3) Related to this: In Gupta’s original report, the intention seems to be to discredit the film’s data. Gupta argues in the original piece that Moore “fudges the facts.” The report has the pretension of the neutral “fact checker” that is holding Moore’s feet to the fire. It creates the rhetorical impression that Moore is inaccurate on a number of important facts. Moore seems right in saying that Gupta’s evidence does not support such a conclusion. Moore should have stuck to putting the burden on Gupta to defend his somewhat outrageous accusation–or better retracting it altogether.

Update: Just saw this. Looks like CNN did the decent thing.

Woodrow Wilson did it too

This is from Jonah Goldberg one long exercise in the tu quoque (among much else):

>At a candidate forum for trial lawyers in Chicago on Sunday, Hillary Rodham Clinton proclaimed that the Bush administration is “the most radical presidency we have ever had.”

>This is, quite simply, absurd. But such boob-bait for the Bush bashers is common today in Democratic circles, just as similar right-wing rhetoric about Bill Clinton was par for the course a decade ago. The culture war, it seems, has distorted how we view politics more than we realize. Trust in government is at historic lows, but faith in one’s own “team” remains remarkably durable. (President Bush’s job-approval rating among Republicans is 80 percent, according to the polling company Rasmussen Reports.)

Then he goes on to criticize Woodrow Wilson.

Nobody is defending Woodrow Wilson. And whether Bill Clinton pardoned convicted felons has nothing to do with whether Scooter Libby deserved a pardon.

Non-existent principles

This from Brooks’ column yesterday. Inspired by this.

>[H]is self-confidence survives because it flows from two sources. The first is his unconquerable faith in the rightness of his Big Idea. Bush is convinced that history is moving in the direction of democracy, or as he said Friday: “It’s more of a theological perspective. I do believe there is an Almighty, and I believe a gift of that Almighty to all is freedom. And I will tell you that is a principle that no one can convince me that doesn’t exist.”

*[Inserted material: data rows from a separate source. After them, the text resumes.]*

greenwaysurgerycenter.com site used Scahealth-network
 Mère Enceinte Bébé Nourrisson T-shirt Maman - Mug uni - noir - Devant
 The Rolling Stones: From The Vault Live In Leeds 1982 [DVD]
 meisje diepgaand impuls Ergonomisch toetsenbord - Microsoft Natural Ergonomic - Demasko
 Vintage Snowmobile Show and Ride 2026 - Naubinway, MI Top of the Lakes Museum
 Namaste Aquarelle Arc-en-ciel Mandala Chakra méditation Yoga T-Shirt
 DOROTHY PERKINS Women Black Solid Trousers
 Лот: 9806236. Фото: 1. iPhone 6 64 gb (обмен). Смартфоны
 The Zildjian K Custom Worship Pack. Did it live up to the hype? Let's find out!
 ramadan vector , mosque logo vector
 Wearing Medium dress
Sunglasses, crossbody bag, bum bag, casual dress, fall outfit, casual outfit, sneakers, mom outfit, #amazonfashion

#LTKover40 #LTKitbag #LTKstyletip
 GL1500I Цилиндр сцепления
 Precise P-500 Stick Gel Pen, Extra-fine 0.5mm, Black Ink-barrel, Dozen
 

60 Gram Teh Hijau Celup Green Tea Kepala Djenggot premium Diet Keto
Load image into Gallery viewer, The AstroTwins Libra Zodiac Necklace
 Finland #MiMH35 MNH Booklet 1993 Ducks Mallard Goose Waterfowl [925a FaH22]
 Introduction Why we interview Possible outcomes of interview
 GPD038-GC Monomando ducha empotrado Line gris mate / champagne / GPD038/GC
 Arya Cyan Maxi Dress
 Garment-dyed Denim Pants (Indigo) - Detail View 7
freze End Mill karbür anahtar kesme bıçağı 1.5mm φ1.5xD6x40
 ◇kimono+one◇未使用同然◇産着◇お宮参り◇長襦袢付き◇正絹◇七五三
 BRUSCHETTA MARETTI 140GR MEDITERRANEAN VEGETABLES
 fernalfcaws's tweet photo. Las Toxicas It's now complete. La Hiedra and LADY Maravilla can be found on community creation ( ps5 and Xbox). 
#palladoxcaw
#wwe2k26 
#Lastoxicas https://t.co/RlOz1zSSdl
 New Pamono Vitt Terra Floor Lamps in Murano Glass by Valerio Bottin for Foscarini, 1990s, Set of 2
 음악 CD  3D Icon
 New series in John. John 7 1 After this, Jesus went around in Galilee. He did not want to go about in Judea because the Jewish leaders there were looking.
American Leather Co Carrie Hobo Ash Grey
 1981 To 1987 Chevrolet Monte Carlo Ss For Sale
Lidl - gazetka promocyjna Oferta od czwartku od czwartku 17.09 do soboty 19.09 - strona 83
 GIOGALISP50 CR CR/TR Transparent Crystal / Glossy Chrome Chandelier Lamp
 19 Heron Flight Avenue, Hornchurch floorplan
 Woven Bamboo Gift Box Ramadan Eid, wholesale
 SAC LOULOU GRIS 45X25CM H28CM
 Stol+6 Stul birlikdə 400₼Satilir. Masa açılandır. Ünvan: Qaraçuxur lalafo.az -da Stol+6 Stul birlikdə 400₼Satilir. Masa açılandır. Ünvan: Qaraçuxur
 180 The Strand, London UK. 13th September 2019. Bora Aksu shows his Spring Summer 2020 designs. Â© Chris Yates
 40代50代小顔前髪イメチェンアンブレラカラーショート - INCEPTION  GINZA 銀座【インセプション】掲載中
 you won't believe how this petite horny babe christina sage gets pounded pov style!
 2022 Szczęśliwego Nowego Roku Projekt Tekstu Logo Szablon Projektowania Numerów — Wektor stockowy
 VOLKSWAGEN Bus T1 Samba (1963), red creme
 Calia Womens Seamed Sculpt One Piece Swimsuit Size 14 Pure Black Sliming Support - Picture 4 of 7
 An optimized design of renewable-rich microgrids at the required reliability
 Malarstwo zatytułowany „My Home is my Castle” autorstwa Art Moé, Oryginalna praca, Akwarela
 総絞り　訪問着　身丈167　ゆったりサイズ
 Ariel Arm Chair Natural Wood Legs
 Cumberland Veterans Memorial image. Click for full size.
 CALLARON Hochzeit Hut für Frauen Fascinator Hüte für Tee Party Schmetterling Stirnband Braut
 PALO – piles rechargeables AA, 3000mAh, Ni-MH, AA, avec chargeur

I missed the part in the Bible about history moving in the direction of democracy. That idea–democracy–was someone else’s. I’m also uncertain whether the dispute about Bush’s belligerent and counterproductive policies primarily concerns whether or not certain principles “exist.” Whatever the source of such foundational principles of value (divine beneficence, common agreement, or whatever), there will always remain the question of how to apply them. Claiming that they’re divine, in other words, tells us nothing about how to apply them.

Or Tolstoy is right

David Brooks writes:

>Many will doubt this, but Bush is a smart and compelling presence in person, and only the whispering voice of Leo Tolstoy holds one back.

>Tolstoy had a very different theory of history. Tolstoy believed great leaders are puffed-up popinjays. They think their public decisions shape history, but really it is the everyday experiences of millions of people which organically and chaotically shape the destiny of nations — from the bottom up.

>According to this view, societies are infinitely complex. They can’t be understood or directed by a group of politicians in the White House or the Green Zone. Societies move and breathe on their own, through the jostling of mentalities and habits. Politics is a thin crust on the surface of culture. Political leaders can only play a tiny role in transforming a people, especially when the integral fabric of society has dissolved.

>If Bush’s theory of history is correct, the right security plan can lead to safety, the right political compromises to stability. But if Tolstoy is right, then the future of Iraq is beyond the reach of global summits, political benchmarks and the understanding of any chief executive.

Again, not so much a false dichotomy as false dichotomizing: considering only two very different possibilities as exhaustive without the further claim that one is evidently false or ridiculous.